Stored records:
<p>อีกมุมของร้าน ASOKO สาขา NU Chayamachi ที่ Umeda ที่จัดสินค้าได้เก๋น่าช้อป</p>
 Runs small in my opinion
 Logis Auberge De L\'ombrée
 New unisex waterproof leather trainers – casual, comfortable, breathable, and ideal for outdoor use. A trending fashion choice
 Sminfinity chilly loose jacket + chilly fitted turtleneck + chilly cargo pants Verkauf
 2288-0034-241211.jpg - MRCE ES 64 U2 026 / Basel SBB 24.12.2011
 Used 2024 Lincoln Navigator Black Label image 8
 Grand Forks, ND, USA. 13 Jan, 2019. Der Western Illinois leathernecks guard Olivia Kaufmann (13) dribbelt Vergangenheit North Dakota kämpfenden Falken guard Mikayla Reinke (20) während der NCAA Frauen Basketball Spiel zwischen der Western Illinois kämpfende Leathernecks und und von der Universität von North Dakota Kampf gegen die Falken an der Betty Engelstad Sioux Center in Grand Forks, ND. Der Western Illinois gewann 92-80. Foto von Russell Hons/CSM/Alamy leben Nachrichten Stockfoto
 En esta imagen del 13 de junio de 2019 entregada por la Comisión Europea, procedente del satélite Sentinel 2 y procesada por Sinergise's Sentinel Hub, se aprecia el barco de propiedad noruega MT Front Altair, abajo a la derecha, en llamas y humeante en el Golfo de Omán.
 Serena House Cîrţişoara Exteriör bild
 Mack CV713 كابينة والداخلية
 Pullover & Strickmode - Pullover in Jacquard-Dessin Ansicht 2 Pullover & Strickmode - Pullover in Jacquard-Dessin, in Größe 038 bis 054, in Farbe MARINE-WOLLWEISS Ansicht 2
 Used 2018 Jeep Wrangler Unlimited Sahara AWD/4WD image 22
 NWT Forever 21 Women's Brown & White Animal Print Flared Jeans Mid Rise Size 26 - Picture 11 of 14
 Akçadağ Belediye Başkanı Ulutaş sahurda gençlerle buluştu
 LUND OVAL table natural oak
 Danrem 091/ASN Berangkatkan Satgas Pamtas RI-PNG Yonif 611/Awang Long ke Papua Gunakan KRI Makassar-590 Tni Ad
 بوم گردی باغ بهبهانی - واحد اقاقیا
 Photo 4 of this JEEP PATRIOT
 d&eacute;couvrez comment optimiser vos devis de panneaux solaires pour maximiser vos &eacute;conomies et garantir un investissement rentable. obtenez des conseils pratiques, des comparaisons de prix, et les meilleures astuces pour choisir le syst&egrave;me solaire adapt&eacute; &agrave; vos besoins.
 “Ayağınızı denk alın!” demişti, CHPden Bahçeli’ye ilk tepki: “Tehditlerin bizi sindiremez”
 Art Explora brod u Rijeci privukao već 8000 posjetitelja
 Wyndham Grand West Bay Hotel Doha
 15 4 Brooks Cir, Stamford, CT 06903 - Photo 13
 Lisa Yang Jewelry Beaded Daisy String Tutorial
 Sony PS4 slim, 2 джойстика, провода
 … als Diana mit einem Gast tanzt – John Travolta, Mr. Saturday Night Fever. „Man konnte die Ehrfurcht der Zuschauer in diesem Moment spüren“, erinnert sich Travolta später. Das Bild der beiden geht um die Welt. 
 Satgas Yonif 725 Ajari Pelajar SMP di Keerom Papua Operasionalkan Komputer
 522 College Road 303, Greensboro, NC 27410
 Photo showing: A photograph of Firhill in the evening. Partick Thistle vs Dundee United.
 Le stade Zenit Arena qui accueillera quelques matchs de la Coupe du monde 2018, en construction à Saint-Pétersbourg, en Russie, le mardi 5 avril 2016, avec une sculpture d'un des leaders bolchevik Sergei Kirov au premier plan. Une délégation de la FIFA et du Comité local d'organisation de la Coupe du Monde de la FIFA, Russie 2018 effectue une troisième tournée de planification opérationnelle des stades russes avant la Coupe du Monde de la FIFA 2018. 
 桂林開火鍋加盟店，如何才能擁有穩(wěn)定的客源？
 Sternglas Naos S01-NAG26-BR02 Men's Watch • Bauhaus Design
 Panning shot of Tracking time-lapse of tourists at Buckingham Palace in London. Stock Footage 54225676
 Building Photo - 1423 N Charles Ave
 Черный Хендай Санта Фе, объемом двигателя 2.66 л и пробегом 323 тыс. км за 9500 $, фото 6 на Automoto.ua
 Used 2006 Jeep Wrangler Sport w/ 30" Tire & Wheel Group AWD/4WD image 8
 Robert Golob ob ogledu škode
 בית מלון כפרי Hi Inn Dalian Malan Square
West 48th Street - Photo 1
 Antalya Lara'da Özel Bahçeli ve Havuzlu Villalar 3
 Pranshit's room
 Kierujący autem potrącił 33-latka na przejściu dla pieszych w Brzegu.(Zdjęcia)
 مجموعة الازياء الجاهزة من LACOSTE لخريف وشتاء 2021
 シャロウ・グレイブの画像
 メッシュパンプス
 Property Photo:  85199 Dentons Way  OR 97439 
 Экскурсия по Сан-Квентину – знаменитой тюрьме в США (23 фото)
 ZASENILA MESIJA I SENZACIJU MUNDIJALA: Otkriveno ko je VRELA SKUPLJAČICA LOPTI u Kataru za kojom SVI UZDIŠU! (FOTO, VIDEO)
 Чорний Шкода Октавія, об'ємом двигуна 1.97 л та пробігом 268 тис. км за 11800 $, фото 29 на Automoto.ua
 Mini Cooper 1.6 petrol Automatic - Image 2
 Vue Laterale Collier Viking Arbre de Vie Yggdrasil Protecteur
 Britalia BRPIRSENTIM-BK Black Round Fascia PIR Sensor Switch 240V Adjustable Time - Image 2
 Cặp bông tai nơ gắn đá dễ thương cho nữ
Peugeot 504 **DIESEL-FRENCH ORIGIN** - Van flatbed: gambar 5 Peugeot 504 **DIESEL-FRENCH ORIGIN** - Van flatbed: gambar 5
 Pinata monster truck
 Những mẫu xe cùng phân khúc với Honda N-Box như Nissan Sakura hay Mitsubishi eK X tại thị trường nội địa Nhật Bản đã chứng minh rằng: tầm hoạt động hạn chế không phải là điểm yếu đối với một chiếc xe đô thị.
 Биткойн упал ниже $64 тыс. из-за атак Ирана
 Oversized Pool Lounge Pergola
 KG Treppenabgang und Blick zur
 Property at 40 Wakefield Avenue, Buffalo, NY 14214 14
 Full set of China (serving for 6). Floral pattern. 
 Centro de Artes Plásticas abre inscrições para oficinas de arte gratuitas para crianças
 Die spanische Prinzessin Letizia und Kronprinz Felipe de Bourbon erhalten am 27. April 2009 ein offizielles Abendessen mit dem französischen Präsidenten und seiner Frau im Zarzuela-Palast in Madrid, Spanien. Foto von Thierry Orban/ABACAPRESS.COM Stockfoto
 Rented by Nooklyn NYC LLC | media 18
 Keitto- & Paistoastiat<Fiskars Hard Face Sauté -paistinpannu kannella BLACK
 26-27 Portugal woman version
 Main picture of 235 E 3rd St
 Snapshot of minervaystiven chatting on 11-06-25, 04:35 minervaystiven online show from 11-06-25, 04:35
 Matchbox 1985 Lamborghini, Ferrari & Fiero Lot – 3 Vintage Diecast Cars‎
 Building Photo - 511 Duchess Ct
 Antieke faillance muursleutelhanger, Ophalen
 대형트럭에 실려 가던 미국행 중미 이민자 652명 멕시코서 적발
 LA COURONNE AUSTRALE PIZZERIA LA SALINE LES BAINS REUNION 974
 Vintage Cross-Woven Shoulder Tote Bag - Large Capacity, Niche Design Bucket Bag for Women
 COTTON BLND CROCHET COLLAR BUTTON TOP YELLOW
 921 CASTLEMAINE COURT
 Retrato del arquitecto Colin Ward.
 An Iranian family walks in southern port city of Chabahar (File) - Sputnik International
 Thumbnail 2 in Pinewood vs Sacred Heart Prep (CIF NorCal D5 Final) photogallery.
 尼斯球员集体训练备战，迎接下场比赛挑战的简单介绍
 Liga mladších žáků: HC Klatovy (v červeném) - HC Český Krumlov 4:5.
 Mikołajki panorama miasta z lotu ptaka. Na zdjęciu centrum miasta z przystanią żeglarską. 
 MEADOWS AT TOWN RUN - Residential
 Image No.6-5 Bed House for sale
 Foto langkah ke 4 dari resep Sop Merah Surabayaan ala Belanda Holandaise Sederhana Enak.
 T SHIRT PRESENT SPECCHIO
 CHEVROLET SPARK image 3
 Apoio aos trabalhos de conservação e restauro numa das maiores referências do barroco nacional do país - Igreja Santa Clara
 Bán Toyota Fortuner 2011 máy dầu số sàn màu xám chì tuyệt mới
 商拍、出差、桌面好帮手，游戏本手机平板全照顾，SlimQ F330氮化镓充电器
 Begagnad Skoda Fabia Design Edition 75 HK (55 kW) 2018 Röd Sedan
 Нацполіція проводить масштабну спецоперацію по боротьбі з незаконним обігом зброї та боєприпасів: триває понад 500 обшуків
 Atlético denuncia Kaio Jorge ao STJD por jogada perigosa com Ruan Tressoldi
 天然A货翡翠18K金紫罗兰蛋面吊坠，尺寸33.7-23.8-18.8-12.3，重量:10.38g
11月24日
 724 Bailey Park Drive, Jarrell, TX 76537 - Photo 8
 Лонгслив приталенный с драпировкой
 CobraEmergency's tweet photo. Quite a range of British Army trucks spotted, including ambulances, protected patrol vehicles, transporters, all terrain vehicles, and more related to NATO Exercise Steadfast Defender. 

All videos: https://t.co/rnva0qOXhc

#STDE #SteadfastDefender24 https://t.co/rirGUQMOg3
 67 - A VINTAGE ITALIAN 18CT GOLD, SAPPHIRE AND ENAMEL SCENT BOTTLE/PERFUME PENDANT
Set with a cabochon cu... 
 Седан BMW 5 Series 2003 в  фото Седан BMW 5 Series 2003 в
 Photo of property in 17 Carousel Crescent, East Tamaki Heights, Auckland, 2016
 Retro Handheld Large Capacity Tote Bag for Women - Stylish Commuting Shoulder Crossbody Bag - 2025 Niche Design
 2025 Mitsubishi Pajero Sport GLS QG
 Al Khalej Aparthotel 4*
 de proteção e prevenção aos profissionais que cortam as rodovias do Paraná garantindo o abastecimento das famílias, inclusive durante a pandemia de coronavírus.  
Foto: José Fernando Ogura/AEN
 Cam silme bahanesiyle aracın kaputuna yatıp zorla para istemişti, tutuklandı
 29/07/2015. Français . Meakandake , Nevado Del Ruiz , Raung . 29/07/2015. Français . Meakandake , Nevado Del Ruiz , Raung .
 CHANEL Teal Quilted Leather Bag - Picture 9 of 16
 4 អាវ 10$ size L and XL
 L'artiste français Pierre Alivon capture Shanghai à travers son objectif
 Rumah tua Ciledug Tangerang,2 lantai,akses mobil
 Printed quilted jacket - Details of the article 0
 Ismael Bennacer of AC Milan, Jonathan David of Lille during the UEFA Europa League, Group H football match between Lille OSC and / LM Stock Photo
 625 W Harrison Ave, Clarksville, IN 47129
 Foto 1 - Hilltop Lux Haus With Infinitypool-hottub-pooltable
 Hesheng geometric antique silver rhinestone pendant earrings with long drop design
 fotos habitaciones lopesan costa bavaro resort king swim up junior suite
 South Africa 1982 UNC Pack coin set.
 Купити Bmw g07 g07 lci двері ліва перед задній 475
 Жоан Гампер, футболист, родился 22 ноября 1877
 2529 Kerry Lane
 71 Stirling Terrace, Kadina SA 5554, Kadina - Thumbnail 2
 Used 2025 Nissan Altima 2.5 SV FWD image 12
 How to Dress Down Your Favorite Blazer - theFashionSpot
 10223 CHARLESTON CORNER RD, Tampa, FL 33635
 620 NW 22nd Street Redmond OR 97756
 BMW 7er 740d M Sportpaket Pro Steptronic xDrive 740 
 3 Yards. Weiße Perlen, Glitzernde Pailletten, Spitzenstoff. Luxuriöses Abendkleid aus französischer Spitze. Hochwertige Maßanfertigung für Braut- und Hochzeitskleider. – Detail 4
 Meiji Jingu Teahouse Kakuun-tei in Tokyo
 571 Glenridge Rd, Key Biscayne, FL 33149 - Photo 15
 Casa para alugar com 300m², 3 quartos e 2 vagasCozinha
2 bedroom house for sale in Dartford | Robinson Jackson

→ **Exercise**
Could you set down, word for word, only the lines above from the line with "Used 2025 Nissan Altima 2.5 SV FWD image 12" to the line with "Casa para alugar", including both?

→ **Result**
 Used 2025 Nissan Altima 2.5 SV FWD image 12
 How to Dress Down Your Favorite Blazer - theFashionSpot
 10223 CHARLESTON CORNER RD, Tampa, FL 33635
 620 NW 22nd Street Redmond OR 97756
 BMW 7er 740d M Sportpaket Pro Steptronic xDrive 740 
 3 Yards. Weiße Perlen, Glitzernde Pailletten, Spitzenstoff. Luxuriöses Abendkleid aus französischer Spitze. Hochwertige Maßanfertigung für Braut- und Hochzeitskleider. – Detail 4
 Meiji Jingu Teahouse Kakuun-tei in Tokyo
 571 Glenridge Rd, Key Biscayne, FL 33149 - Photo 15
 Casa para alugar com 300m², 3 quartos e 2 vagasCozinha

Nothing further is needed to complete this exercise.